Atom: validation-set-approach. Lecture: L10-resample-1.

Question 3 6 points

Mark each statement comparing LOOCV with $k$-fold CV ($k=5$ or $k=10$) as true or false.

a) LOOCV trains on $n-1$ observations per fold, so it has lower bias as an estimator of test error than 5-fold CV. True False
b) The per-fold errors in LOOCV are nearly uncorrelated, which is why their average has lower variance than 5-fold CV. True False
c) For OLS, LOOCV can be computed from a single full-data fit using the diagonal $h_{ii}$ of the hat matrix. True False

Show answer

True — training on nearly the full sample makes LOOCV essentially unbiased for the model fit on $n$ observations; 5-fold trains on $4n/5$ and so overestimates test error slightly.
False — direction reversed. LOOCV training sets share $n-2$ of $n-1$ points, so per-fold errors are highly correlated and the average has high variance. $k$-fold de-correlates and wins on variance.
True — the shortcut $\text{CV}_{(n)} = \frac{1}{n}\sum ((y_i-\hat y_i)/(1-h_{ii}))^2$ uses only the full-data residuals and the hat-matrix diagonal; no $n$ refits.

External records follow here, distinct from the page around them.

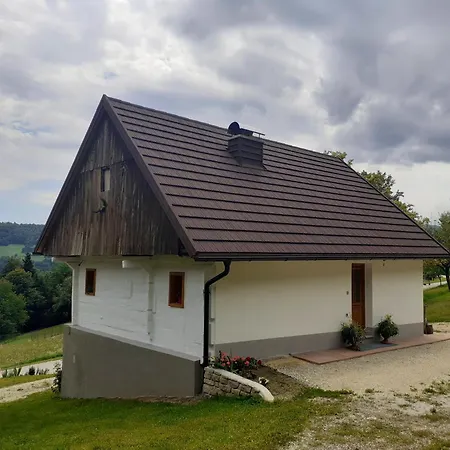 Pajek & Pajcevina On The Hayrack *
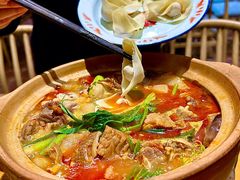 -郭婆婆疯子鸡·土货江湖菜馆
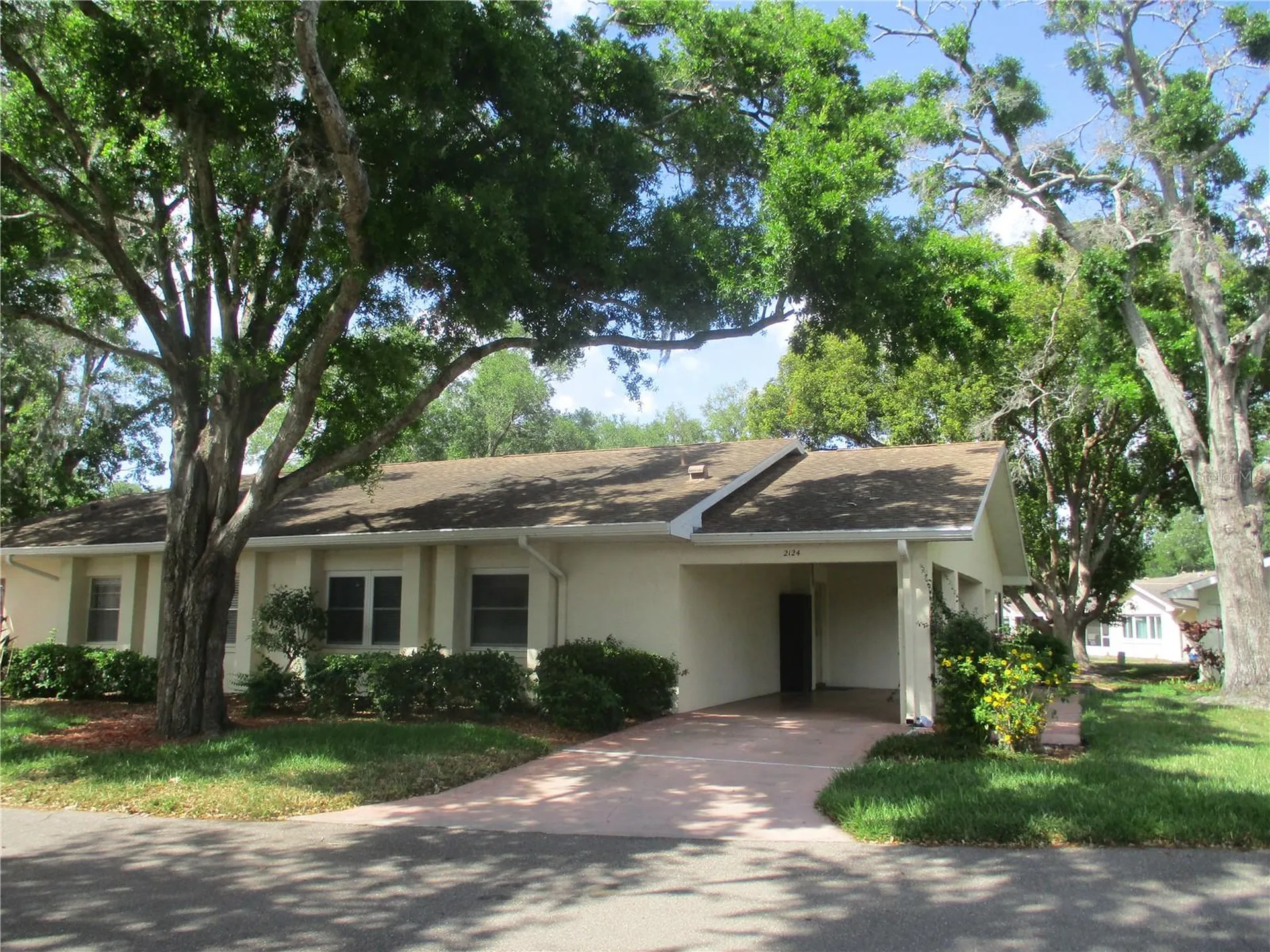 2124 Hailstone Circle Sun City Center FL 33573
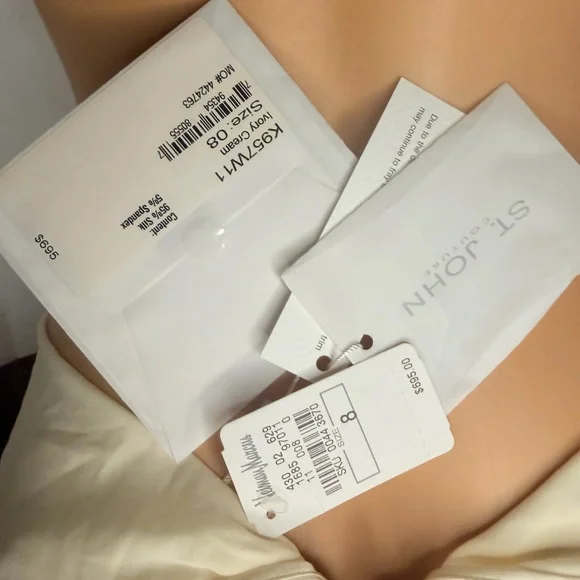 St. John NWT silk top sz 8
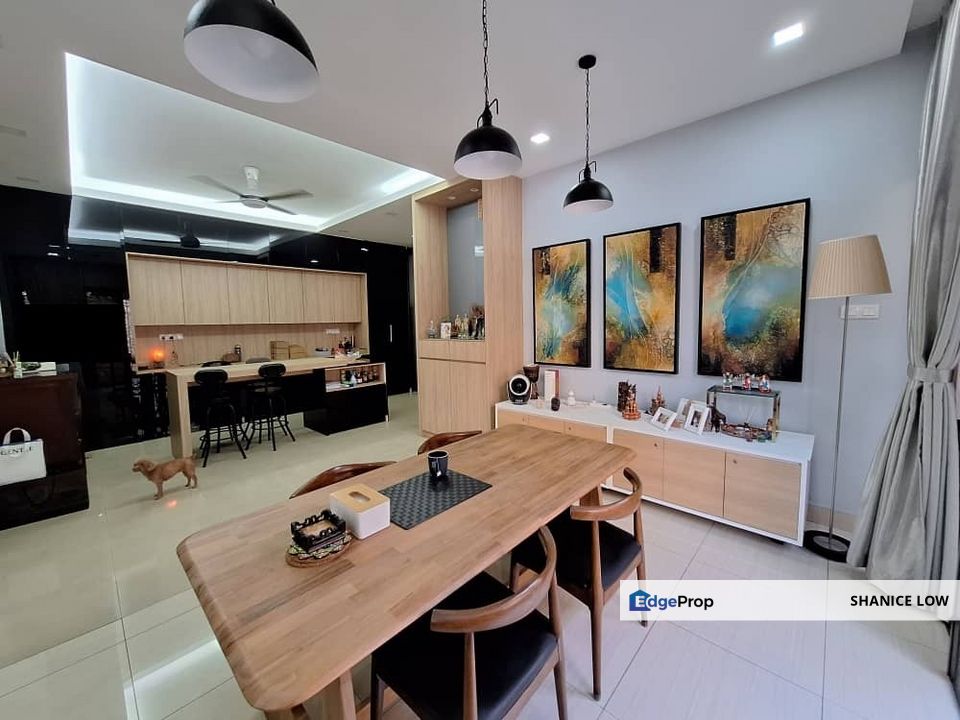 Taman Amansari 18 Bandar Kinrara Puchong 2.5 storey Semi-d 3600sf 5+1 bedrooms 5 bathrooms move in condition for SALE, Selangor, Bandar Kinrara Puchong
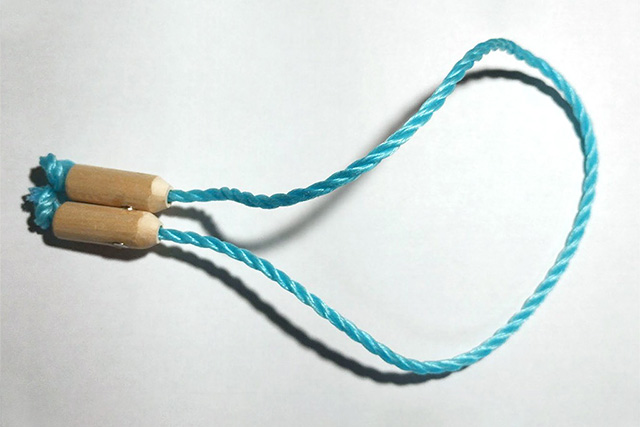 “片手でゴミ袋の口を縛るロープ”の製作
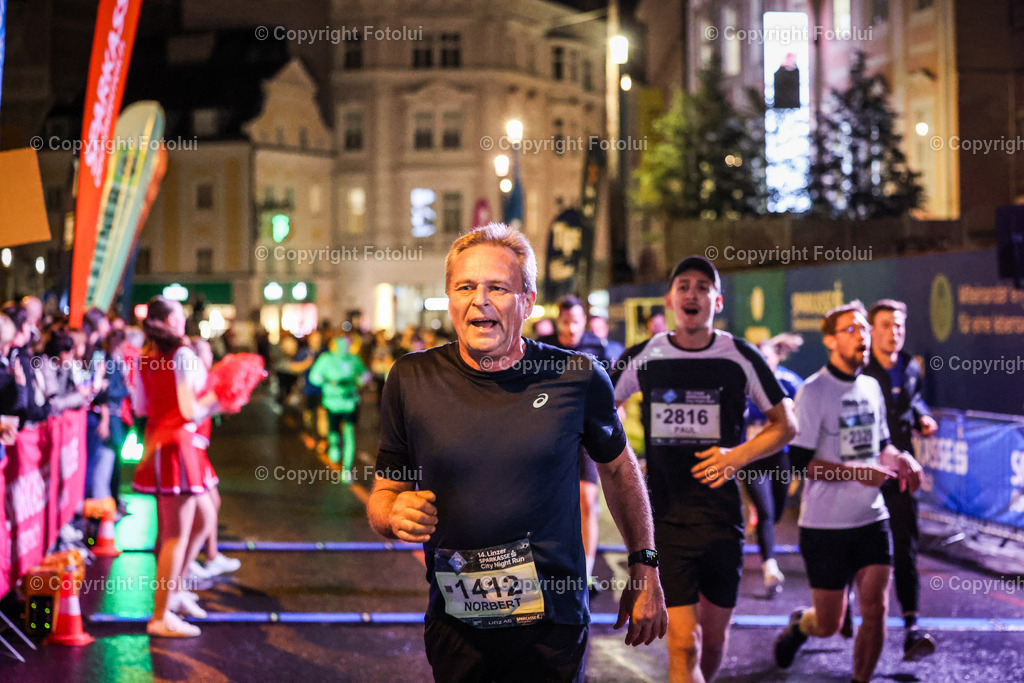 A-BINDER_20250925_0075 | LINZ, AUSTRIA,25.Sept.25 - NIGHT RUN LINZ. Image shows Photo: Sportmediapics.com/ Manfred Binder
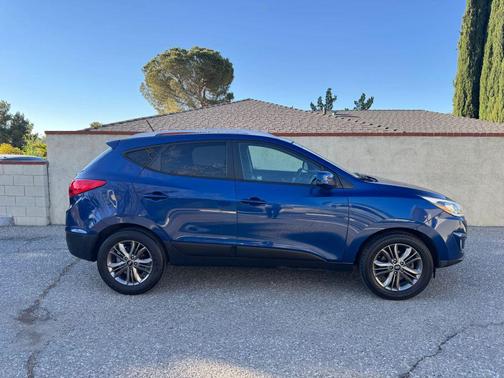 2014 Hyundai TUCSON SE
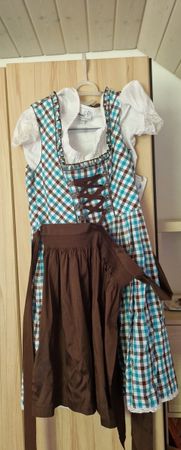 Dirndl zu verkaufen 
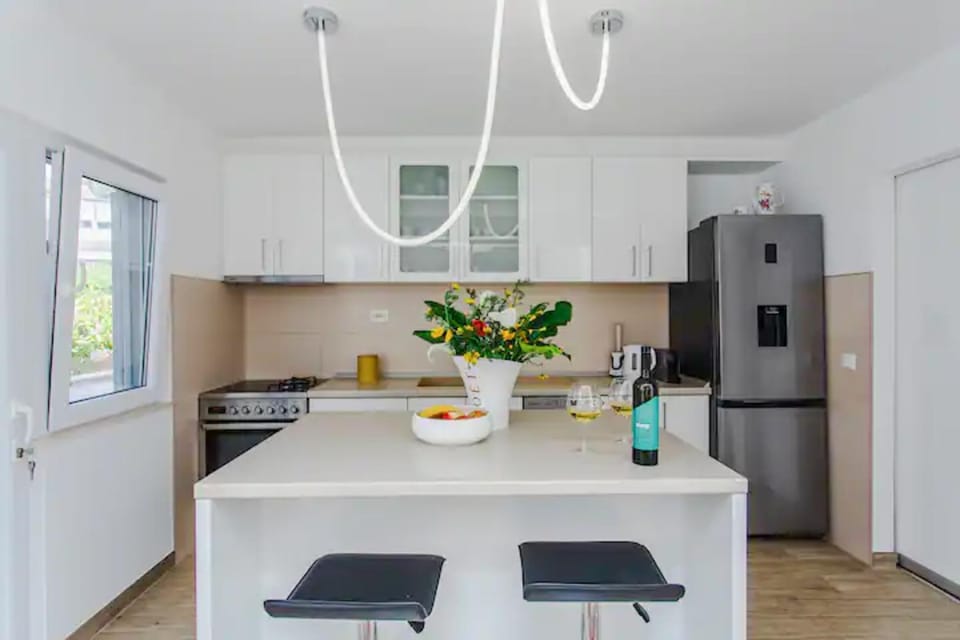 Kitchen or kitchenette, Dining area, Drinks, oven, stove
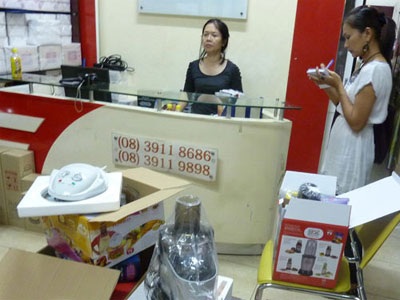 Thêm một đơn vị bán hàng giả qua truyền hình - 1 Thêm một đơn vị bán hàng giả qua truyền hình - 1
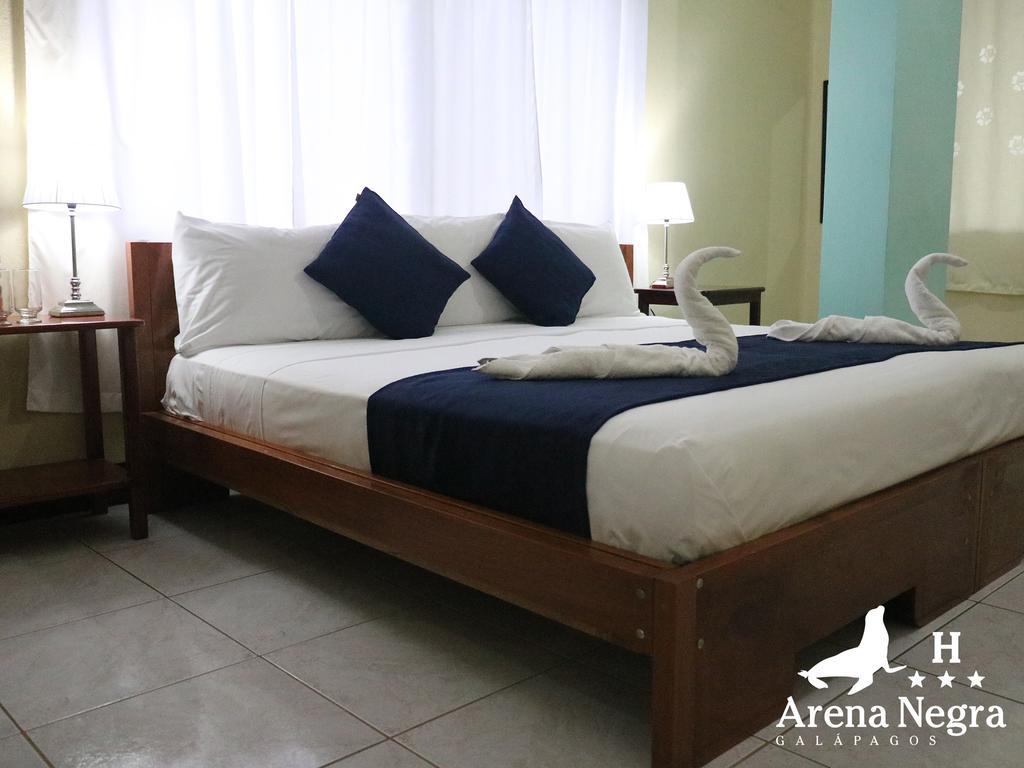 Hostal Arena Negra Puerto Ayora  Exteriér fotografie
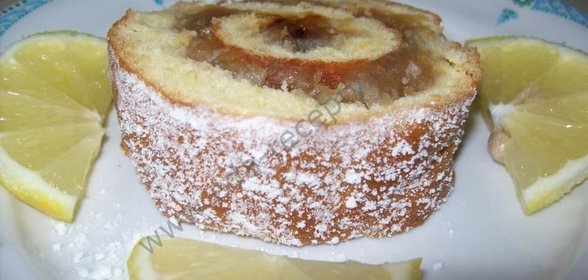 Рулет с яблоками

Atoms: leave-one-out-cv, k-fold-cv, design-matrix-and-hat-matrix.

Question 4 3 points

For $k$-fold CV with equal-sized folds and squared-error loss in regression, which expression equals $\text{CV}_{(k)}$?

A $\frac{1}{n}\sum_{i=1}^{n}(y_i-\hat y_i)^2$ where $\hat y_i$ is the prediction from a single full-data fit averaged across folds.
B $\frac{1}{k}\sum_{j=1}^{k}(y_j-\hat y_j)^2$, evaluated only at the $k$ "fold representatives" (one observation per fold).
C $\frac{1}{k-1}\sum_{j=1}^{k}(\text{MSE}_j-\overline{\text{MSE}})^2$, the between-fold sample variance of the held-out MSEs.
D $\frac{1}{k}\sum_{j=1}^{k}\text{MSE}_j$, where $\text{MSE}_j = \frac{1}{n_j}\sum_{i\in C_j}(y_i-\hat y_i^{(-j)})^2$.

Show answer

Correct answer: D

Each fold $j$ contributes the held-out MSE of the model trained on the other $k-1$ folds; CV is the average across folds. With unequal folds the weighted form $\frac{1}{n}\sum n_j\text{MSE}_j$ is identical to D when fold sizes match.

A is the in-sample training MSE, no held-out structure at all. B invents "fold representatives" and averages only $k$ residuals out of $n$; the held-out test in fold $j$ uses every observation in $C_j$. C is the formula for the per-fold sample variance $\widehat{\text{SE}}^2$, which feeds the one-SE rule, not the CV estimate itself.

Atom: k-fold-cv.

Question 5 4 points CE1 P4

You want pseudocode for choosing $K$ in KNN regression by 10-fold CV. Which option correctly describes the procedure?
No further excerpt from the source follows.